- Active: 1940–1944
- Country: Nazi Germany
- Branch: Army
- Type: Infantry
- Size: Division
- Garrison/HQ: Konstanz
- Engagements: Second World War Battle of Kursk; Battle of the Dnieper; Nikopol–Krivoi Rog Offensive; Odessa Offensive; Second Jassy–Kishinev Offensive;

= 335th Infantry Division (Wehrmacht) =

The 335th Infantry Division (335. Infanterie-Division) was an infantry division of the German Army during the Second World War, active from 1940 to 1944. It saw active service in France and on the Eastern Front and was destroyed in fighting in Romania in August 1944.

==Operational history==

The 335th Infantry Division was formed in Konstanz in November 1940 under the command of Generalleutnant Max Dennerlein. The division nominally fell within the responsibility of Wehrkreis V. At its core were three infantry battalions transferred from the 298th Infantry Division while two battalions came from the 197th Infantry Division. The 87th Infantry Division, which had fought in the Battle of France, also transferred a battalion to the 335th. It was one of several static divisions raised for service in the occupied countries of Western Europe. It also had a strong Polish representation.

In mid-1941, the 335th Infantry Division was posted to a position near the border between occupied France and Vichy France. By this time it had reached a strength of over 13,200 personnel. Following the Allied invasion of French North Africa in November 1942, German forces moved into Vichy France in an operation known as Case Anton. As part of this, the 335th, recently converted into an attack division, seized the port of Marseille. After five months in Vichy France, it was transferred to the Eastern Front. It fought in several engagements against the Soviets, including the battles at Kursk and along the Dnieper.
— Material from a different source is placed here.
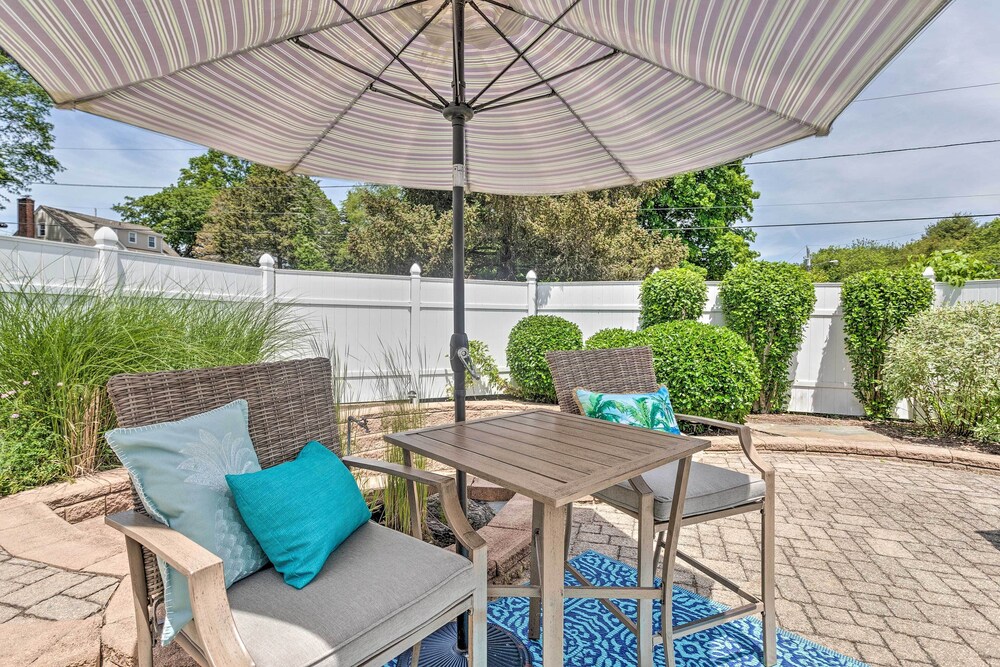 South Kingstown Vacation Rental: 2 Mi to Beach!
Generalmajor Karl Casper, who had taken over command of the division from Dennerlein just prior to Case Anton, was wounded during the fighting at the Dnieper and was replaced by Oberst Siegfried Rasp.

By January 1944, the division's losses were such that it numbered only 4,300 or so personnel. Transferred to Romania later that year, it received some personnel from the recently disbanded 5th Field Division (L). In Romania it was involved in the Second Jassy–Kishinev Offensive, the Soviet Army's offensive of August 1944 in the eastern part of the country. The division, commanded by Oberst Eugen Franz Brechtel, was destroyed and its survivors surrendered to the Soviets.

==Commanders==
- Generalleutnant Max Dennerlein (15 November 1940 – 26 October 1942);
- Generalmajor Karl Casper (27 October 1942 – 6 September 1943);
- Oberst Siegfried Rasp (7 September 1943 – 29 June 1944);
- Oberst Eugen Franz Brechtel (30 June – August 1944). (MIA).